While not all consumers experienced the rash associated with these allergies, some with sensitive skin did which necessitated the voluntary recall.
Aside from an embarrassing product recall, Fitbit is one of the most recognized names in the activity tracker game. Their product line has evolved to include a number of designer accessories such as leather wriststraps or pendants that house the activity tracker but avoid the ‘sporty’ look that might not go so well in a corporate world.
What’s especially damning about the Fitbit Force allergic reactions was the fact it was a highly functioning product with a sleek design.
The looks of the Force are discreet, almost like a person was wearing a piece of black electrical tape around their wrist. The band is made of comfortable matte plastic that is available in either black or blue and features a small, but readable, OLED screen.

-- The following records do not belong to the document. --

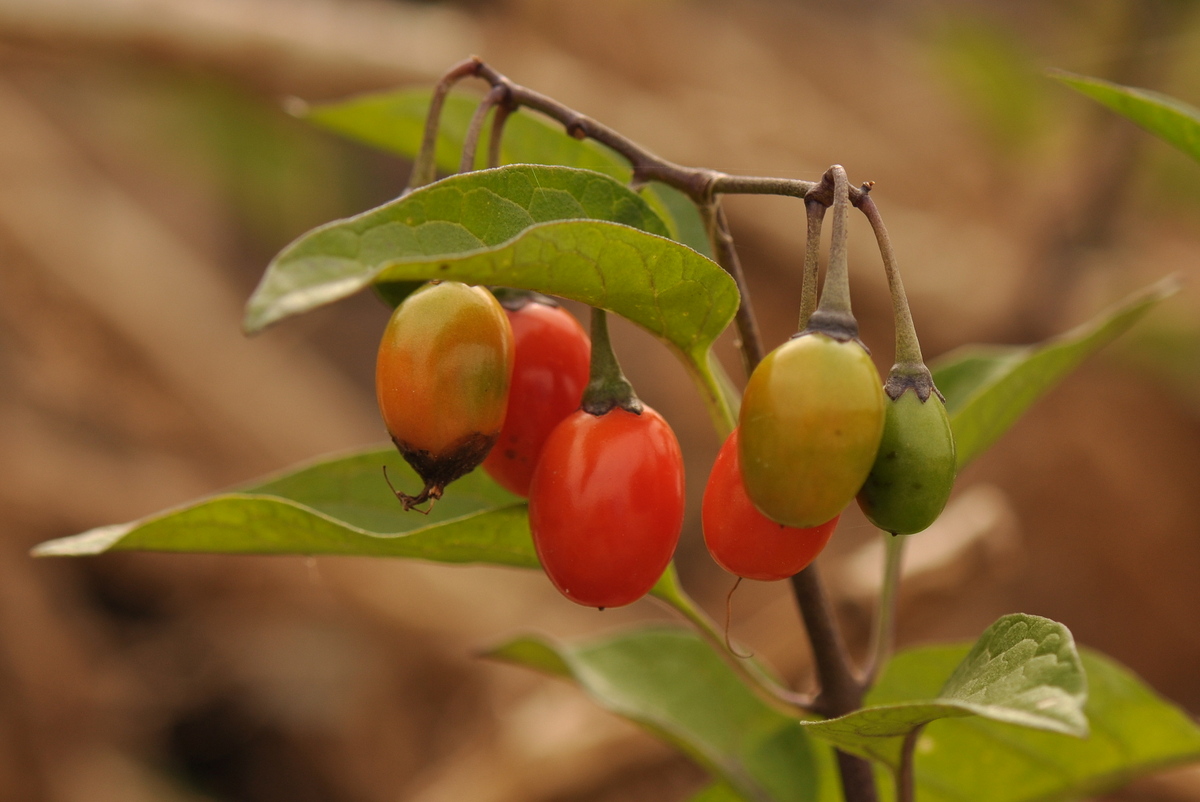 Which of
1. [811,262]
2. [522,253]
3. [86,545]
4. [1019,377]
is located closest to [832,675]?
[1019,377]

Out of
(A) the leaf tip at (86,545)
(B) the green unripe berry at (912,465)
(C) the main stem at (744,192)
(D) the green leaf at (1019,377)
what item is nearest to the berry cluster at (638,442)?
(B) the green unripe berry at (912,465)

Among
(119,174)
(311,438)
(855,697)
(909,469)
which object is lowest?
(311,438)

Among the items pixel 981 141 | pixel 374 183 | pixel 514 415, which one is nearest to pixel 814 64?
pixel 981 141

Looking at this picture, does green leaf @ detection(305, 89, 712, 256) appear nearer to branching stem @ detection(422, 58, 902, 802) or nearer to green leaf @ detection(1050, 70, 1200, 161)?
branching stem @ detection(422, 58, 902, 802)

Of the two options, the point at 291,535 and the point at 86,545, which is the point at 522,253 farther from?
the point at 86,545

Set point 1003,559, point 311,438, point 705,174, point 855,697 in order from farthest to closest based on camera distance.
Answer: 1. point 311,438
2. point 1003,559
3. point 855,697
4. point 705,174

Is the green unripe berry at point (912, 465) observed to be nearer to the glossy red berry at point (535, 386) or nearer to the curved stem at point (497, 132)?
the glossy red berry at point (535, 386)

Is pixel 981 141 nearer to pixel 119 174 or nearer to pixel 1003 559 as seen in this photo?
pixel 1003 559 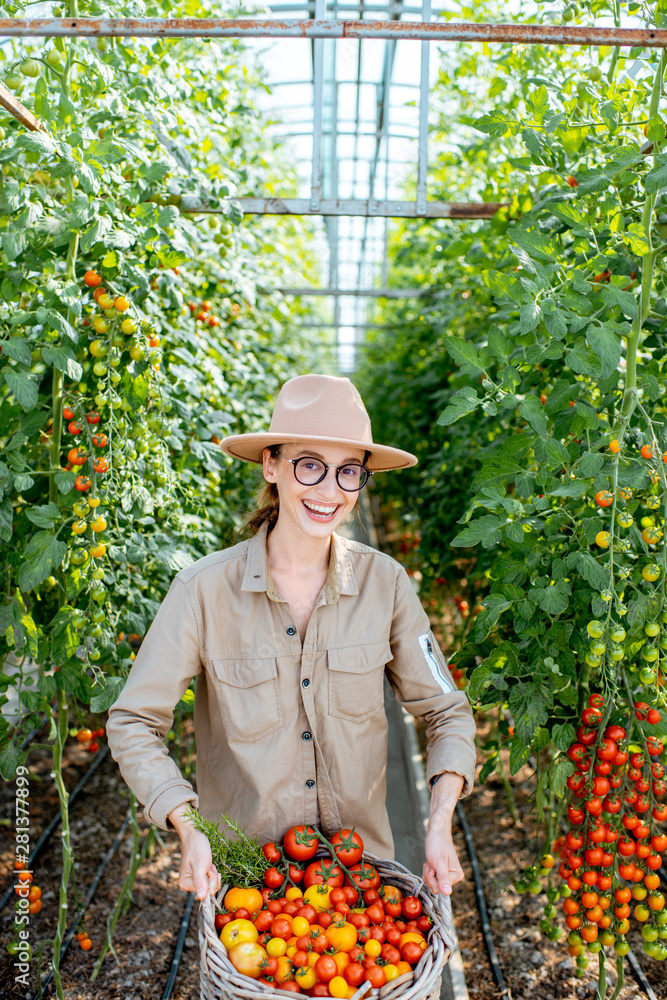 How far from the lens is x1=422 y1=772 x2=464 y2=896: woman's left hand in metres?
1.31

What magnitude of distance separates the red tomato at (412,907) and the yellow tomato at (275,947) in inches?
9.6

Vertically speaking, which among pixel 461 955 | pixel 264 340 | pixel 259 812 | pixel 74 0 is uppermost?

There is nothing remotely elaborate about the Force design as data is cycled through with a single button to display steps, distance, calories burned, active minutes, the number of floors climbed, and finally the time.
The information climbs in real-time on the wrist which can serve as motivation to finish the last leg of your daily goal or to finally get out of bed at noon when the display reads 002. Just the inclusion of a display is a big step as some activity trackers require sync to a Smartphone just to view the progress.

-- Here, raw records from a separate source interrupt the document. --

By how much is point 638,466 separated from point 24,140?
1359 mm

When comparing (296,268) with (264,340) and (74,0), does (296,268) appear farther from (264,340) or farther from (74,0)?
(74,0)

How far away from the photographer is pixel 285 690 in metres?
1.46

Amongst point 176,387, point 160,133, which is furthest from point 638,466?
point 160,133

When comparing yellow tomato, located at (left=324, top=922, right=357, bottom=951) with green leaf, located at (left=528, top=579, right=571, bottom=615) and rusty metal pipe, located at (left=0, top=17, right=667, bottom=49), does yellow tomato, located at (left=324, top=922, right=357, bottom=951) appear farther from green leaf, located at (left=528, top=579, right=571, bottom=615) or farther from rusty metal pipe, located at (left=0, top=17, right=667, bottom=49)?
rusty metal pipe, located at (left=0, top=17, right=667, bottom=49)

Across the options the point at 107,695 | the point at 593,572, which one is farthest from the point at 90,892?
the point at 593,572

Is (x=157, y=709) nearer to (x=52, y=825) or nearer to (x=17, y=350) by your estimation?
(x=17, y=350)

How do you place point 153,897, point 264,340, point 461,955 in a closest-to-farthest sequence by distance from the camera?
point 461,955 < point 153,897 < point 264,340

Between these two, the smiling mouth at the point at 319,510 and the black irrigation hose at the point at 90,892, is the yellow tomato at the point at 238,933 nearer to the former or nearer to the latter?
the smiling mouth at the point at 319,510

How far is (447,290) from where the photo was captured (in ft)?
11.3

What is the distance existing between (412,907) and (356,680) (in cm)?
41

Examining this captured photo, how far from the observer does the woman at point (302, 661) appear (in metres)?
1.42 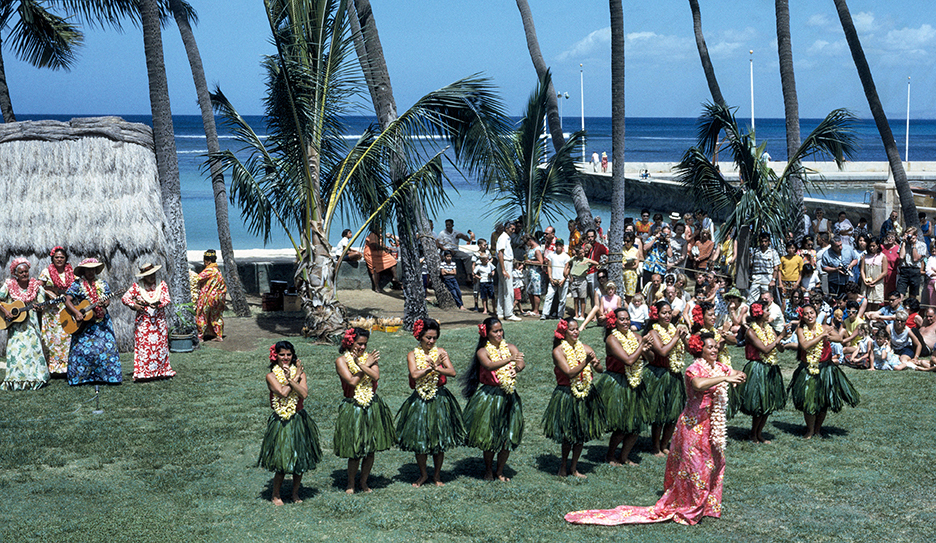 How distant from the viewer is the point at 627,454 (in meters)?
8.39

Despite the tendency to develop a skin rash, many users proclaimed how comfortable the Fitbit Force was to wear. The composite material of the Force and wider design encompasses more of the wrist and avoids the ‘handcuff’ feel of similar products like the Nike FuelBand. At 30 grams the Force isn’t the lightest activity tracker on the market (Jawbone Up – 24 grams)
What to Do With Data?
Typically the areas of Smartphone applications and website interactivity are the spots where most fitness tracker companies drop the ball. The Force still has some work to do but synching to the web is very easy with Bluetooth 4.0 technology which helps to save time and battery life.
A good idea the Fitbit Force had but one that’s not quite easy to implement is the inclusion of specific meals for the user to select from to track calories. Unfortunately finding and sorting these meals into the program is still a lengthy task that will probably be improved upon on the relaunch.

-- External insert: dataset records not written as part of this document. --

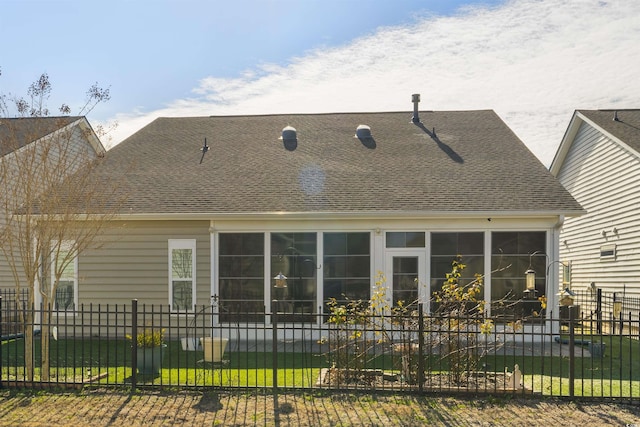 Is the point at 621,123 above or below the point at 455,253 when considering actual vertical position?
above

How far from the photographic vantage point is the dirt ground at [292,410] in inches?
294

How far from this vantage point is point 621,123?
18594 mm

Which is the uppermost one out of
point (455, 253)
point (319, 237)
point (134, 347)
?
point (319, 237)

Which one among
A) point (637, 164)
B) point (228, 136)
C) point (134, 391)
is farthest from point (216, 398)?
point (637, 164)

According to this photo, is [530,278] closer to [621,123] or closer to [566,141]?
[621,123]

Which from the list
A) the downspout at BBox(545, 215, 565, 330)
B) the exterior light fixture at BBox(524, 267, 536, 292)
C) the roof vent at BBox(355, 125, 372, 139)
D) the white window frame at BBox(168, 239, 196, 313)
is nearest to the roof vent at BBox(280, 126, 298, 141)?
the roof vent at BBox(355, 125, 372, 139)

It’s unknown how many users utilize the social aspects of activity trackers but Fitbit includes them just like their competitors, allowing you to add friends and share progress with them.
The Fitbit Force also integrates sleep monitoring well. The data recording and input are automatic and although a user has to push a button right before nodding off to activate the program, a vibrating silent alarm is nice for not waking up a sleeping partner – in fact, the vibrate feature is one that most Polar Loop owners said they missed extensively.
For a real gauge on the product’s effectiveness take into account that thousands of loyal owners are standing by the Fitbit Force even with a rebate of $140 offered for the recall.
Loop vs. Force Head to Head: Which is a Better Buy?
Of course, the main factor in the Polar Loop’s favorability just might be availability. Fitbit has halted sales on their Fitbit Force until further evolution of the product guarantees no skin rash to its consumers.
Still, the second-hand market has a number of Force products still available if a consumer is confident in their skin and has a healthy supply of Neosporin ready.
|Category||Polar Loop||Fitbit Force|
|Weight||.13 pounds||.25 pounds|
|Color||Blackcurrant, smokey black, misty blue||Black, slate blue|
|Compatibility||IOS, Android||IOS, Android|
|Battery Life||4-5 days||6-7 days|
|Cost||About $99||About $130|
All in all the products are very similar except for the fact that the Polar Loop is still an active product whereas the Fitbit Force is somewhat in limbo. That alone could be a dealbreaker for most product seekers as you’ll have to buy the Force from a shady van in a seedy back alley. Still, if you can find one it does provide a much-needed fix.